Figure 4 illustrates the Task class and its relationships with other classes. Arrows marked with ‘o’ denote optional properties (or zero cardinality), meaning the associated class values are not always required and can be left blank if the information is unavailable. The Task class is linked to Material, Material Shape, Method, and Time Interval through appropriate object properties with zero cardinality restrictions. It also connects to the Task Objective, Participant, and Model classes, where at least one value must be provided. The Participant concept encompasses two critical aspects of participation. The first one is the Agent. An agent is not necessarily a human and is responsible for an activity to take place. It can be considered the driver of the process. Meanwhile, the Tool includes everything that helps an agent perform the activity. This can be equipment, a device, or a piece of software. Based on purpose, the Task concept can be further specified as either Research Task or Use Case, as shown by the subclass relation.

Figure 5 represents the central simulation components, described at the start of the results section, and extends the Model class to show its relationships with other concepts.

Model view: Shows the different concepts in the Onto-MS. Colored boxes represent the concepts imported from other ontologies, while uncolored boxes are native to Onto-MS. EMMO OSMO/MODA. MUSICODE Onto-MS. While the color of the arrow signifies object property or subclass relationship.

It elaborates on the Model class and its relationships with other concepts. A model can be specified as Mathematical, Physical, or other type. There are further subdivisions called Published and Unpublished Model. For simplicity, only up to three subclasses are shown in the images, but additional subclasses, like a Numerical Model, can be added depending on the specific use case. A model specifies the Input for Simulation and is implemented through a Solver. The Input for Simulation comprises three main concepts: Boundary Condition, Initial Condition, and Parameter. The Parameter concept defines constants, material properties, or environmental values for simulation input that the model relies on to simulate real-world conditions. Through the Model scale and Model Entity, different length scales and entities can be accommodated. The Model class can also be connected to the Validation class with zero cardinality, which means that validation information is optional.
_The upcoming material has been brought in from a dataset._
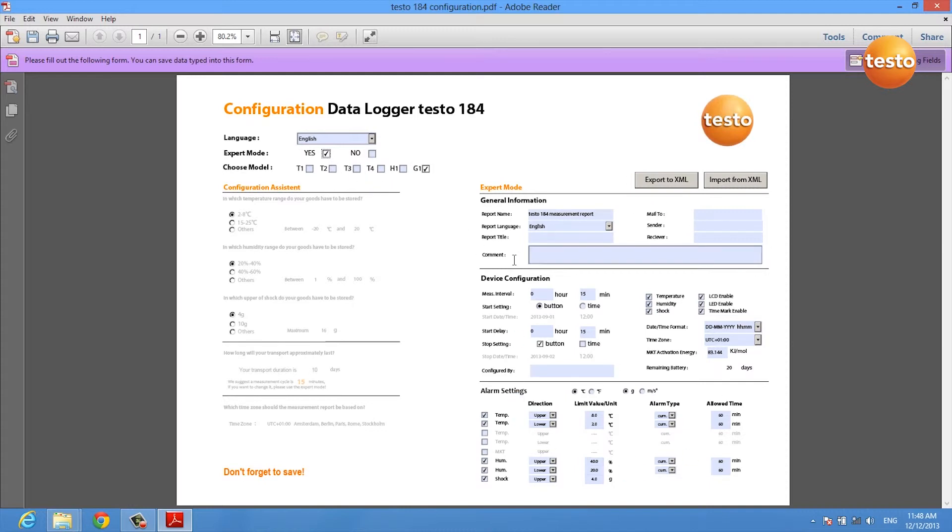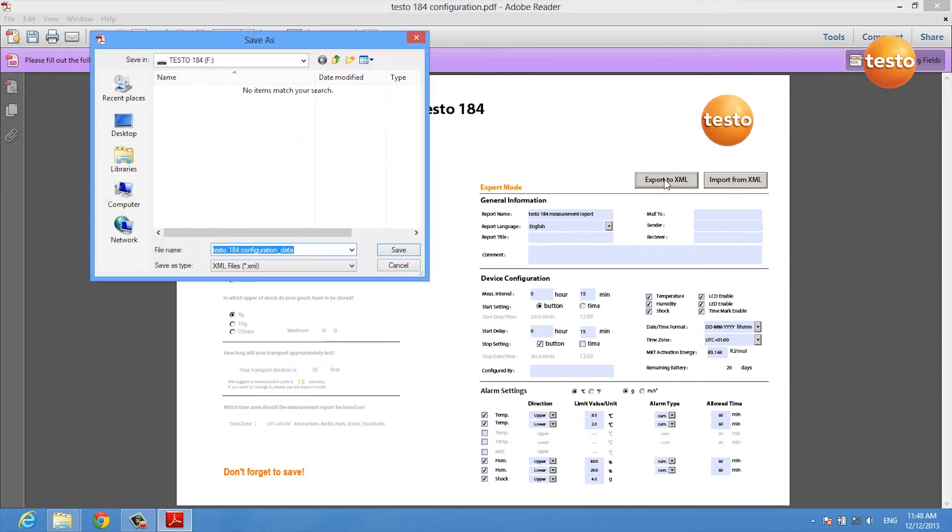After you've done all the configuration in here, you export the configuration to an XML file which you save on the data logger itself.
Figure 6 depicts the Solver class, a subclass of Algorithm, which can be specified as Numerical, Monte Carlo, etc. Additional subclasses like kit Gran, Time-dependent, and Direct Solver are documented. The Solver requires software for specific implementations with different access restrictions. The various access scenarios can be expressed through the Access Condition concept. The Solver operates with defined parameters as described in Input for Simulation, often using dedicated software for Solver to solve a task, and produces results classified as Raw or Inferred Simulation Measurement Results. Raw Measurement Results are direct measurements or observations requiring further analysis and interpretation. Therefore, they require a Post Processor or a Tool to do so. Alternatively, Inferred Measurement Results are derived from raw results and typically do not need additional processing.

Solver view: Shows the different concepts in the Onto-MS. Colored boxes represent the concepts imported from other ontologies, while uncolored boxes are native to Onto-MS. EMMO TEMA Onto-MS. The arrow’s color signifies object property or subclass relationship.

As detailed in the methodology (see Section 6.2), the ontology has been transformed into Kadi4Mat resources. Figure 7 illustrates these conversion results, where each colored circle represents a selective ontology class, arrows indicate directional relationships, and link names correspond to object properties in Onto-MS.

Onto-MS as ‘onto-ms’ collection in Kadi4Mat, where specific ontology classes are represented in records (shown in colored circles), and object properties are links between records in this collection.

When presented in their raw form, ontologies can overwhelm users with large numbers of classes, complex relationships, and intricate graph structures. As a result, many developed ontologies remain theoretical artifacts and rarely find their way into daily research practice. To avoid this outcome, the integration of Onto-MS in Kadi4Mat was indispensable. This integration enables Onto-MS to operate within real research environments and supports its practical adoption by researchers. In addition, it facilitates straightforward ontology instantiation and knowledge graph generation. Onto-MS in Kadi4Mat enhances the accessibility, usability, and structural organization of relevant data resources for end users.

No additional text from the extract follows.